4.9. Het vorenstaande leidt tot de slotsom dat het bestreden besluit, voor zover het ziet op de intrekking over de periode van 4 april 2007 tot en met 24 juni 2007, niet op een deugdelijke grondslag berust. De rechtbank heeft dit niet onderkend, zodat de aangevallen uitspraak dient te worden vernietigd. Doende wat de rechtbank zou behoren te doen, zal de Raad het beroep gegrond verklaren en het bestreden besluit voor zover het ziet op de intrekking over de periode van 4 april 2007 tot en met 24 juni 2007 vernietigen wegens strijd met artikel 7:12, eerste lid, van de Algemene wet bestuursrecht (Awb). Omdat het onder 1.2 vermelde besluit van 25 januari 2008 met betrekking tot die periode op dezelfde onhoudbaar gebleken grondslag berust en niet aannemelijk is dat dit gebrek kan worden hersteld, zal de Raad met toepassing van artikel 8:72, vierde lid, aanhef en onder c, van de Awb zelf in de zaak voorzien en dat besluit in zoverre herroepen. De Raad ziet tevens aanleiding het bestreden besluit te vernietigen ook voor zover daarbij het verzoek om vergoeding van kosten in verband met de behandeling van het bezwaar is afgewezen.

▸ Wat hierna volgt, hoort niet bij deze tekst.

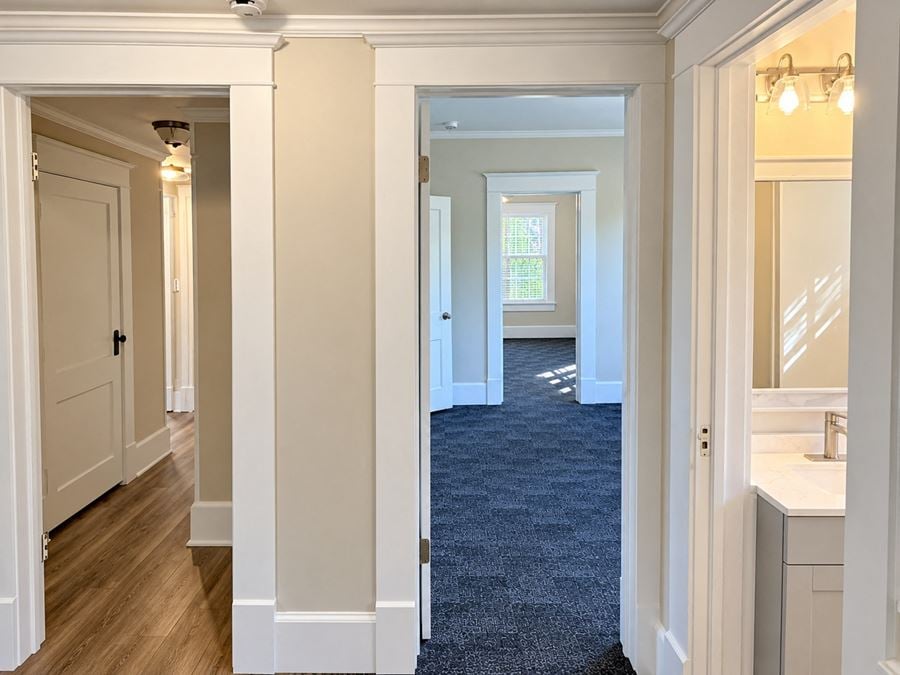 215 Pierce Ave
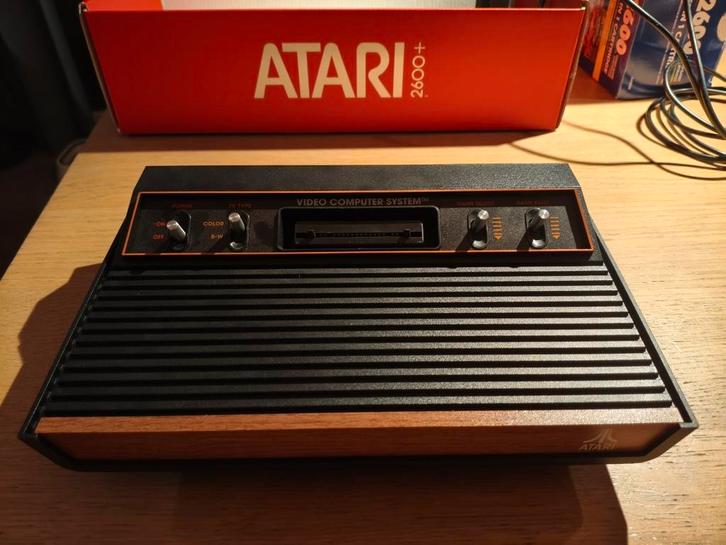 2600+, Spelcomputers en Games, Spelcomputers | Atari, Zo goed als nieuw, Atari 2600, Met 2 controllers, Ophalen of Verzenden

5. Aanleiding bestaat het college te veroordelen tot vergoeding van de kosten die appellante in verband met de behandeling van het bezwaar heeft moeten maken. Deze kosten worden begroot op € 322,-- voor verleende rechtsbijstand. Voorts wordt het college veroordeeld in de proceskosten van appellante. Deze kosten worden begroot op € 1.610,-- voor in beroep en in hoger beroep verleende rechtsbijstand.
BESLISSING
De Centrale Raad van Beroep
- vernietigt de aangevallen uitspraak;
- verklaart het beroep gegrond;
- vernietigt het besluit van 20 mei 2008 voor zover het betreft de intrekking van de bijstand
over de periode van 4 april 2007 tot en met 24 juni 2007 en voor zover het verzoek om
vergoeding van kosten in verband met de behandeling van het bezwaar is afgewezen;
- herroept het besluit van 25 januari 2008 voor zover het betreft de intrekking van de bijstand
over de periode 4 april 2007 tot en met 24 juni 2007 en bepaalt dat deze uitspraak in zoverre
in de plaats treedt van het besluit van 20 mei 2008 voor zover vernietigd;
- veroordeelt het college in de kosten van bezwaar en in de proceskosten van appellante in
beroep en hoger beroep tot een bedrag van € 1.932,--;
- bepaalt dat het college aan appellante het in beroep en in hoger beroep betaalde griffierecht
van in totaal € 148,-- vergoedt.
Deze uitspraak is gedaan door J.J.A. Kooijman als voorzitter en E.J. Govaers en H.D. Stout als leden, in tegenwoordigheid van V.C. Hartkamp als griffier. De beslissing is uitgesproken in het openbaar op 13 november 2012.